The present invention is directed to a method for pre-emptive read reconstruction. In the method(s) disclosed herein, when a pre-emptive read reconstruction timer times out, if one or more drive read operations for providing requested stripe read data are still pending; and if stripe read data corresponding to the pending drive read operations may be constructed (ex.—reconstructed) based on the stripe read data received before the expiration of the timer, the pending drive read operations are classified as stale, but the pending drive read operations are still allowed to complete rather than being aborted, thereby promoting efficiency of the data storage system in situations when the data storage system includes an abnormal disk drive (ex.—a disk drive which endures random cycles of low read performance).

Description

    FIELD OF THE INVENTION
  • The present invention relates to the field of data management via data storage systems and particularly to a method for implementing pre-emptive read reconstruction.

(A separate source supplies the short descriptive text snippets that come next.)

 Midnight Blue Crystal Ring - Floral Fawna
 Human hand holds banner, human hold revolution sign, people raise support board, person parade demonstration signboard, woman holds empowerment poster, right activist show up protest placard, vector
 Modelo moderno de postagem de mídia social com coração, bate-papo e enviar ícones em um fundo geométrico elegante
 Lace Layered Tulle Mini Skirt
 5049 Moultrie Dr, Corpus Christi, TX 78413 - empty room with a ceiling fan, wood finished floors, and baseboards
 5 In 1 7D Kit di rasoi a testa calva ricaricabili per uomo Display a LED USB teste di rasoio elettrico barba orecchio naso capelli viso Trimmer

  • BACKGROUND OF THE INVENTION
  • Currently available methods for providing data management in data storage systems may not provide a desired level of performance.

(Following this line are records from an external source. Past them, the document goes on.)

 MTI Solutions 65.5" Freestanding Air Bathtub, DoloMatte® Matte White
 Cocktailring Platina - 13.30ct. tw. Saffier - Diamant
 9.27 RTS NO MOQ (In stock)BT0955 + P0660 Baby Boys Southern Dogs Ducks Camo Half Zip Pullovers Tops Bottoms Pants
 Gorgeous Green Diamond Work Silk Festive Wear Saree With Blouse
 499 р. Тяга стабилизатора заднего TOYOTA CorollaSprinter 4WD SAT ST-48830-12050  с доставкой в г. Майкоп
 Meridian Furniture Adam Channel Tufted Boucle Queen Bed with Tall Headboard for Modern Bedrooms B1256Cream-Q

  • Therefore, it may be desirable to provide a method(s) for providing data management in a data storage system which addresses the above-referenced shortcomings of currently available solutions.
  • SUMMARY OF THE INVENTION
  • Accordingly, an embodiment of the present invention is directed to a method for implementing pre-emptive read reconstruction (ex.—construction) via a storage controller in a data storage system, the method including: receiving a read request for stripe data stored in a drive pool of the data storage system, the read request being received from a host system; based upon the read request, providing a plurality of read commands to a plurality of disk drives of the drive pool to initiate a plurality of drive read operations for obtaining the requested stripe data from the drive pool; starting a timer, the timer being programmed to run for a pre-determined time interval; allocating a plurality of buffers of the storage controller cache, the buffers being allocated for the requested stripe data; when the pre-determined time interval expires, and a first portion of the stripe data has been received by the storage controller, and a second portion of the stripe data has not been received by the storage controller, determining if a copy of the second portion of the stripe data can be constructed from the received first portion of the stripe data; when the storage controller determines that the copy of the second portion can be constructed from the received first portion: constructing the copy of the second portion; providing the first portion and the constructed second portion to the host system; and classifying an outstanding drive read operation corresponding to the second portion of the data as stale; receiving the second portion of stripe data; verifying that the received second portion of stripe data corresponds to the stale drive read operation; and when verifying indicates that the received second portion of stripe data corresponds to the stale drive read operation, de-allocating a buffer included in the plurality of buffers, said de-allocated buffer having been previously allocated for the second portion of the stripe data.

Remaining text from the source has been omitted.